Alexeï Oulioukaïev | La chute d'un libéral historique

Le ministre russe de l’Economie a été arrêté à Moscou dans la nuit de lundi à mardi par les services secrets. Il a été inculpé pour "extorsion de pot-de-vin" dans le cadre de la privatisation d’une société pétrolière.

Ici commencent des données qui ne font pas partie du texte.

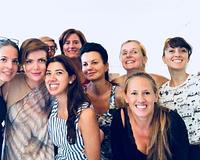 picture 3 in the gallery for Women's Tango Yoga Retreat Barcelona - Roxana Suarez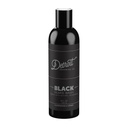 Detroit Grooming Co. Beard Wash - Pánské hluboké čištění šampon pro vousy a kníry - Aloe Vera a esenciální oleje pro osvěžení - Cedarwood & Amber Scent - Black Edition - 8oz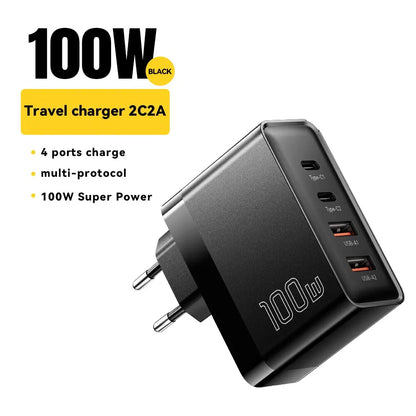 Essager Travel Charger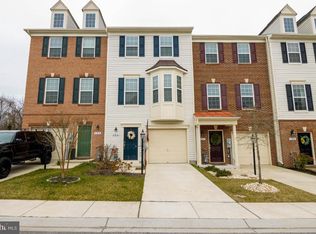 505 Kinglets Roost Ln, Glen Burnie, MD 21060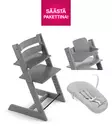 Stokke Tripp Trapp syöttötuoli Bundle. - Stokke Tripp Trapp tuotteet - 686000 - 1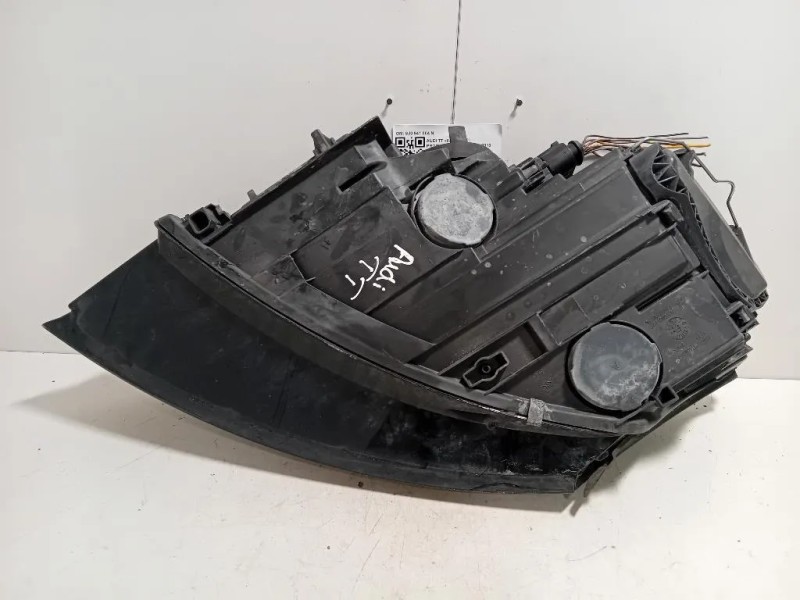 Proiettore ANT DX 8J0 941 004 N Audi TT 8J3 2010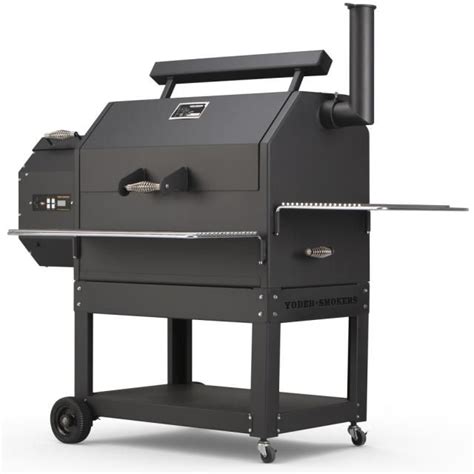 The 8 Best Inexpensive Pellet Grills of 2020 | Pellet cooker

La Russie s’est réveillée mardi avec le visage d’Alexeï Oulioukaïev à la une de tous les médias. Interpellé en pleine nuit par le FSB, le ministre de l’Economie "a été pris la main dans le sac en train de recevoir un pot-de-vin", a déclaré la porte-parole du Comité d’enquête.

Ce puissant organe d’investigation affirme disposer de "preuves solides" fondées sur des écoutes des conversations du ministre et de ses associés. Selon les enquêteurs, Oulioukaïev a demandé à la direction du pétrolier Rosneft deux millions de dollars dans le cadre d’une opération de privatisation: en l’échange de cet argent, le ministre de l’Economie accordait son feu vert pour l’acquisition par Rosneft – société semi-publique russe – d’un autre pétrolier, Bachneft, appartenant à l’Etat. Oulioukaïev devait s’envoler ce mercredi au Pérou pour assister au forum de la Coopération économique pour l’Asie-Pacifique. Son programme était moins emballant mardi soir: le tribunal le plaçait en résidence surveillée pour deux mois.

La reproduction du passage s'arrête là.